I am considering setting up a small business and have been browsing the revenue website and the self assesment form. This mentions income from savings and dividends being liable to tax..

However nobody has ever asked me about any of these income's before, so why would i now need to pay tax on it ?

This is pretty much therotical as my savings of £2k are in a mortgae offset account accruing no interest, and my portfolio of banking shares is no longer paying any dividends !.

Any advice is appreciated. Cheers

Comments

  • Well firstly, bank or building society interest is paid net of basic rate tax so if you get £100 gross interest, the bank will automatically deduct 20% tax and you will get paid net interest of £80.

    The only time tax would not be deducted in your case would be if you are not going to earn enough (including the interest) to go over your personal allowance. In that case, you would fill out a form (a P85) telling the bank to pay you gross interest to save you the hassle of getting a refund from HMRC.

    If your employment income is less than £8,915, then some of your bank interest can be taxed at the reduced rate of 10%.
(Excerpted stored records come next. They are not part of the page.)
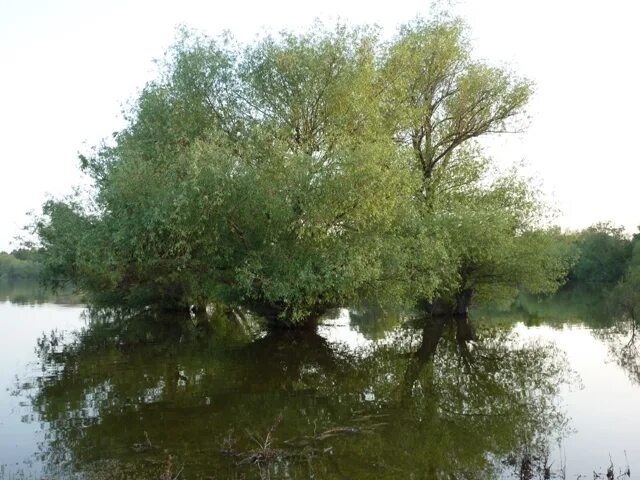 Астраханской области енотаевский район село енотаевский погода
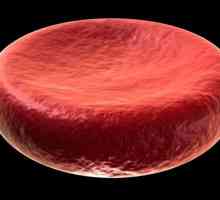 Umístěte červených krvinek. Struktura červených krvinek
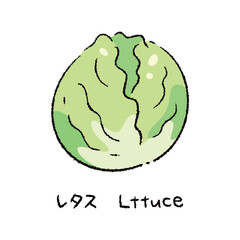 手描きのレタス2_名称入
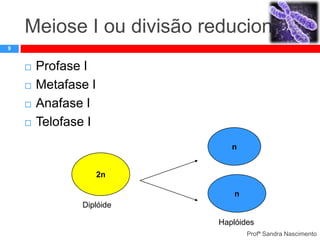 Meiose I ou divisão reducional
9






Profase I
Metafase I
Anafase I
Telofase I
n

2n
n
Diplóide
Haplóides
Profª Sandra Nascimento

 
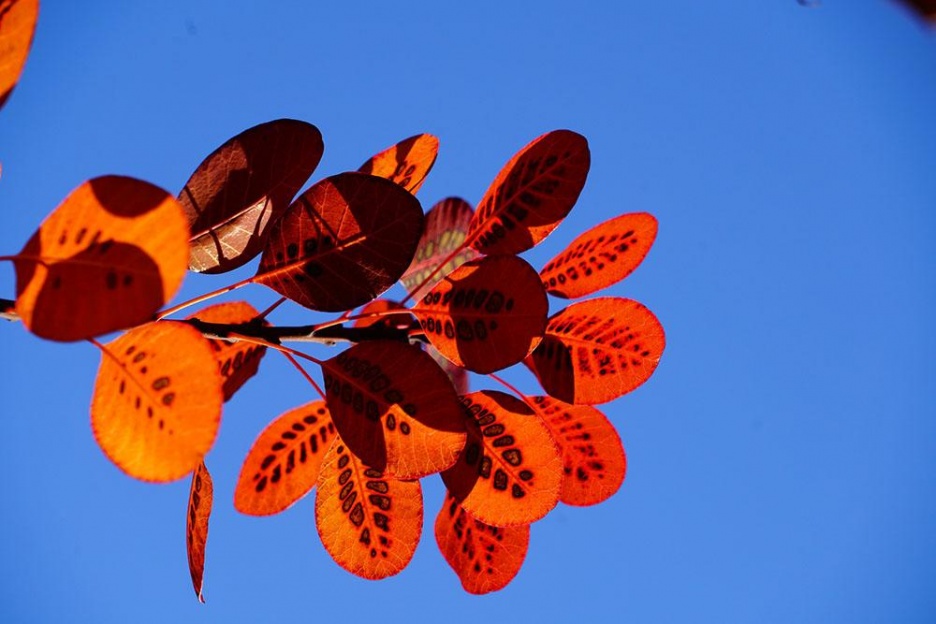 Sinnesgarten4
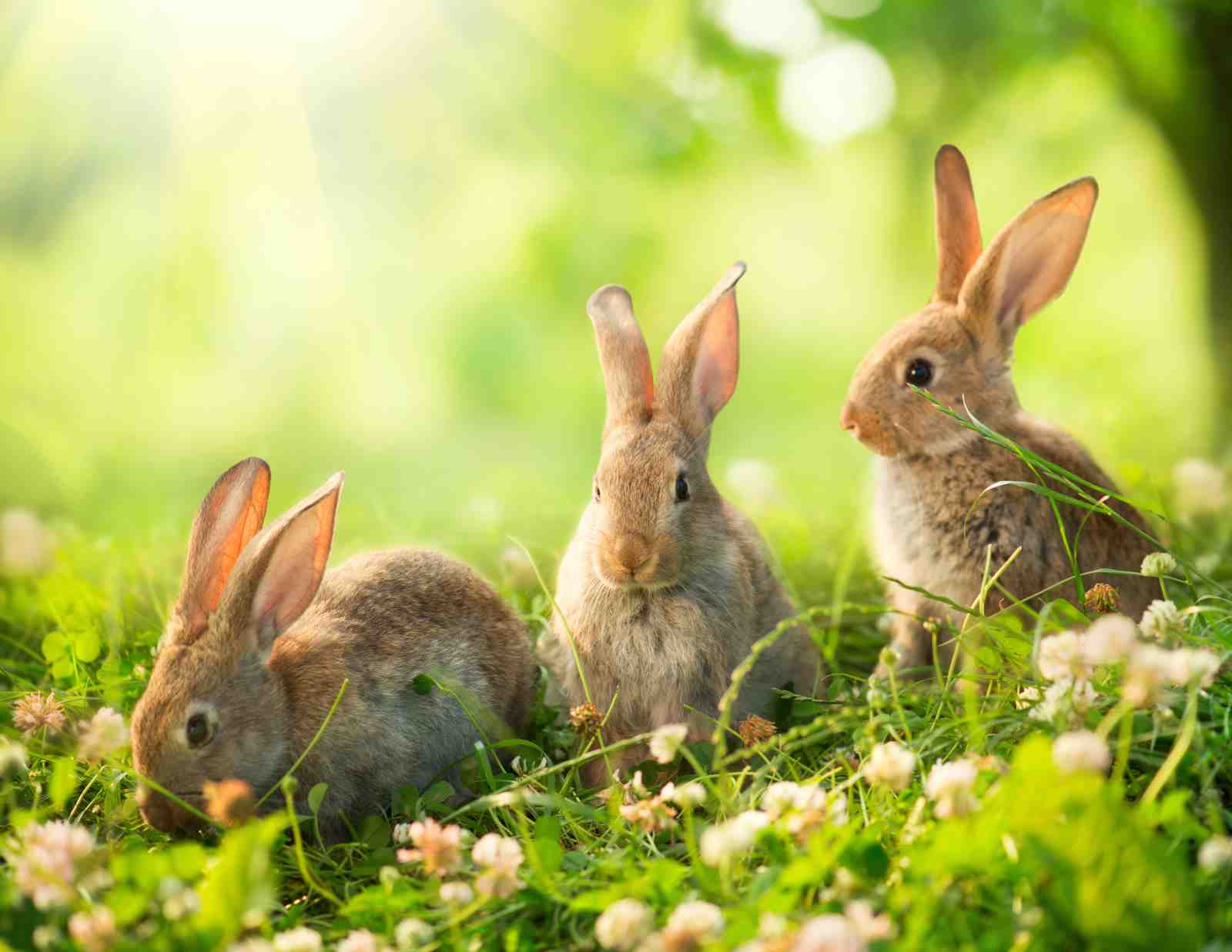 Adorable Bunnies in Meadow Wall Art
    The only time HMRC would bother you about bank interest, is if you are a higher rate tax payer. The banks will only take 20% tax from your interest so if you are a higher rate tax payer (40%) then HMRC will need to collect the remaining 20% tax. To do this, HMRC would put a restriction on your tax code meaning you start to pay tax sooner and in doing so, cover the shortfall of tax on the bank interest.

    With dividends, you dont actually pay tax unless the gross income from employment and gross interest plus the gross dividends take you into the higher rate band, at which point, you will have to pay 22.5% tax on any dividends that are in the higher rate band.

    Again you should note that the amount you receive for dividends is net of 10% tax, however, the 10% tax isn't actually paid by anyone and is a tax credit. This is one of the more confusing things about dividends for some people.

    E.g.

    Net Dividend paid £9,000 (this is what you would actually receive). HMRC would deem you to have received £10,000 gross dividends (£9,000 net plus £1,000 tax credit), although the £1,000 they have added on doesn't really exist.

    Even though the £1,000 doesn't exist, it is still classed as your income and can still take you into the higher rate tax band, something to be aware of if you intend to pay yourself dividends.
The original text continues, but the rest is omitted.